Dans la continuité du Plan climat ambitieux, « Une Cop d’avance » de la Région Sud, le Comité Régional de Tourisme Provence-Alpes-Côte d’Azur (CRT) et les acteurs du tourisme régional ont depuis longtemps pris conscience de la nécessité de protéger ces espaces d’exception. Ainsi, une série de mesures concrètes ont été mises en oeuvre, ces dernières années, pour concilier tourisme et préservation des espaces naturels et le cadre de vie des habitants.
En 2021 on veut de gérer encore mieux les flux touristiques. Une expérimentation inédite est menée entre le CRT et le site leader de la navigation GPS, WAZE, pour faire face aux pics de fréquentation ponctuels de certains sites naturels sensibles. L’été dernier, quatre sites avaient été choisis dans les Parcs naturels régionaux du Luberon et du Verdon pour expérimenter ce dispositif : le sentier des ocres à Roussillon, le Colorado provençal à Rustrel, le sentier Blanc Martel et la plage Saint-Julien au bord du lac d’Esparron.
Concrètement, en cas de fréquentation importante de ces sites, la destination et Waze proposaient aux automobilistes des sites alternatifs proches et moins fréquentés à visiter. Présence de parkings et de navettes étaient également signalés.Les résultats de cette expérimentation ayant été très prometteurs, le dispositif est élargi et appliqué désormais à 8 parcs nationaux ou naturels régionaux.

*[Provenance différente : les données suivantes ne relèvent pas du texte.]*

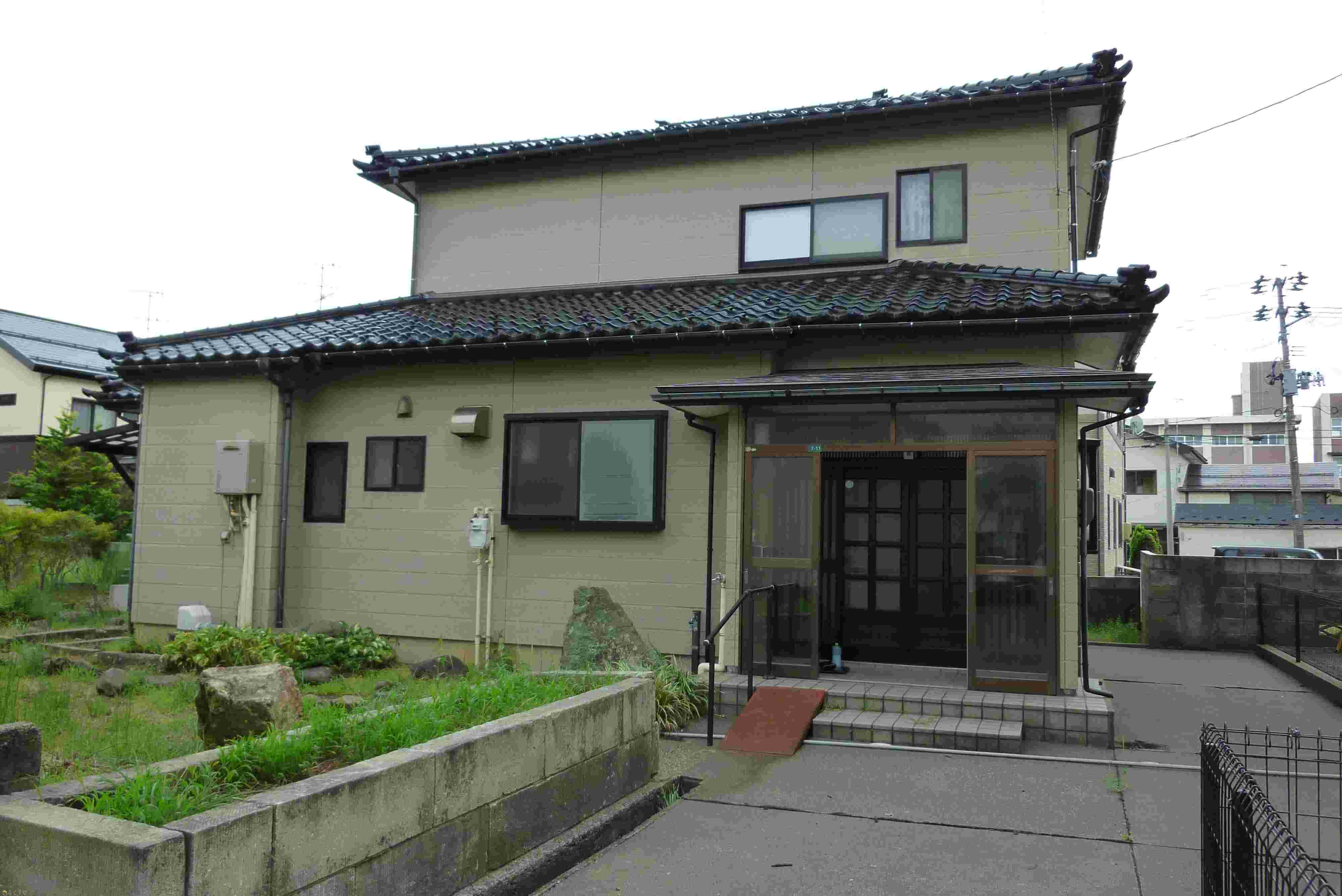 比角1丁目 中古住宅 - 新潟県柏崎市比角の売買物件情報 中古一戸建て 5DK 8,000,000円｜らくすむ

Le CRT met en avant sur son site des idées de circuits pour inspirer et guider les visiteurs dans la découverte des espaces naturels de la région, entre terre, ciel et mer. Exemples : Camargue, la mythique, Vagabondage d’exception dans le Queyras.
Un programme ecotouristique est également proposé dans le cadre d'un tourisme protégé: "Observer les oiseaux, Découvrir les plantes sauvages et comestibles, Tester des activités ecoresponsables, Séjourner dans un hébergement eco-labellisé."